Very interesting piece Daren... you never gave any dimensions, how thick is that thing? It looks like it came from the outside of the log at or near a burl. Lots going on in that piece. I agree, a nested box type project would be a way to show off lots of that busy figure and swirling grain. Have you thought of the box within a box within a box thing? ...like those russian nested dolls? Would be harder to make, but you would have many different size sides to cut out, so you might be able to use some smaller pieces, thus less waste from that slab. Would be a one of a kind deal for sure.


----------



## Daren (Oct 14, 2006)

tswoodshop said:


> Very interesting piece Daren... you never gave any dimensions, how thick is that thing?


9 1/2" x 9 1/2" x 2 1/2"


----------



## TexasTimbers (Oct 17, 2006)

tswoodshop said:


> . . .I agree, a nested box type project would be a way . . . Have you thought of the box within a box within a box thing?

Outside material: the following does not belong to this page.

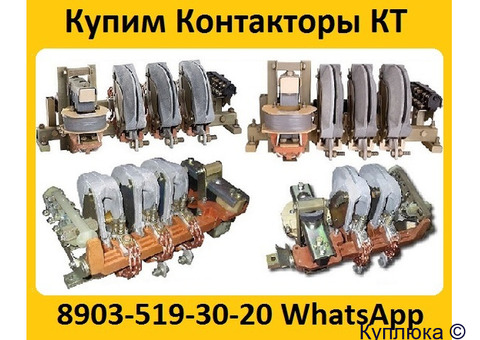 Купим Контакторы КТ-6023, КТ-6033,  КТ-6043,  КТ-6053, С хранения и б/у.  Самовывоз по всей России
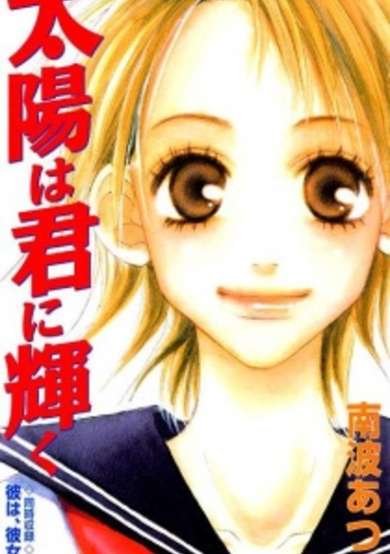 Copertina di The Sun Shines in You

Aren't they one and the same? :detective:


----------



## tswoodshop (Jan 7, 2009)

TexasTimbers said:


> Aren't they one and the same? :detective:


...well yes except I was thinking more of the nested boxes, where you have a smaller box sitting in a larger one, and then a smaller one within that... and yet a smaller one within that... like the nested Russian dolls. Here is an explanation for those that don't know what I'm talking about. But it would be small boxes in stead of the dolls that would fit within each other. 
http://en.wikipedia.org/wiki/Matryoshka_doll


----------



## TexasTimbers (Oct 17, 2006)

In the context used here, nested is nested no matter the shape or item. One within another within another. 

I never heard of nested nests though. Wonder if there is a bird that builds a nest within a nest. :w00t:


----------